What you should hold off on is forced, repetitive, or high-impact exercise that a puppy wouldn’t choose on their own. That means waiting until skeletal maturity before taking your dog on long runs or hikes, having them jump hurdles at full height, or entering them in competitive agility. The distinction is between letting a puppy play (fine) and pushing a puppy through a structured workout (not fine until the plates close).

For giant breeds, the stakes are higher and the wait is longer. Breeds like Rottweilers, Golden Retrievers, Great Danes, and Newfoundlands are especially prone to a group of conditions called developmental orthopedic diseases. The most critical window for these problems is the first 12 months, when the skeleton is most vulnerable to damage from excess weight and mechanical stress. Keeping a large-breed puppy lean is just as important as managing their exercise. Overweight puppies put extra load on immature bones with every step, increasing the risk of skeletal problems during that vulnerable period.

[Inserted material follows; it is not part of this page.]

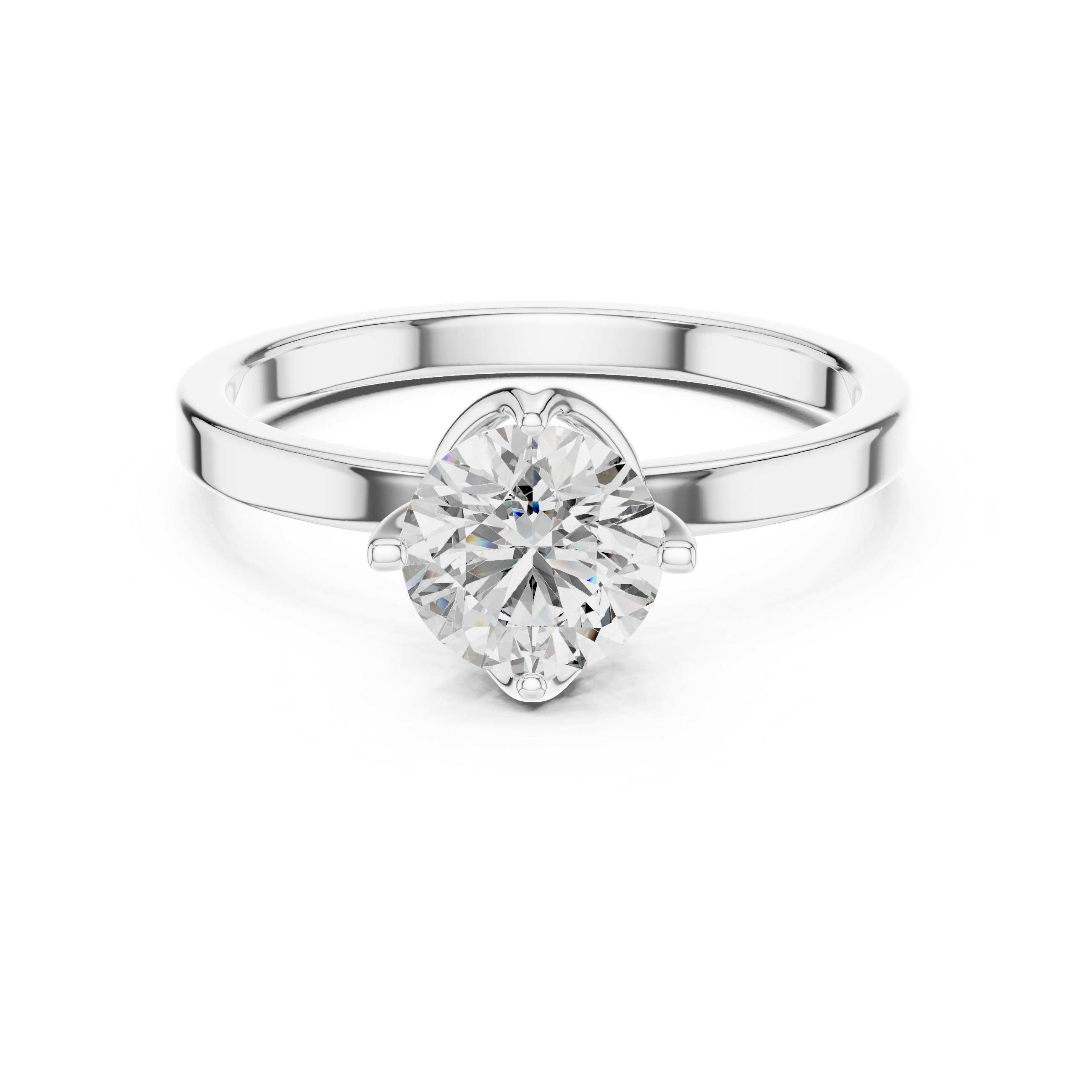 Minimalist Cathedral Solitaire Engagement Ring with Round Brilliant Stone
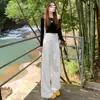 Jeans Blancos de Cintura Alta Pierna Ancha para Mujer Otoño 2024 Nuevos Pantalones Rectos Holgados de Caída de Gama Alta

Nutrition During the Growth Period

Large and giant breed puppies benefit from a growth diet specifically formulated for their size. These diets control calcium and calorie levels to promote steady, moderate growth rather than the rapid growth that stresses developing bones. Current recommendations suggest keeping large-breed puppies on an appropriate growth diet until they’re 90 to 99 percent of their adult size, which for many large breeds means staying on puppy food until around 18 months.

After spaying or neutering, the risk of weight gain increases, so adjusting portion sizes or switching to a food formulated for neutered dogs can help keep your puppy at a healthy weight during the remaining growth period. Your vet can track body condition score at each visit to make sure growth is on track without excess weight putting strain on still-open plates.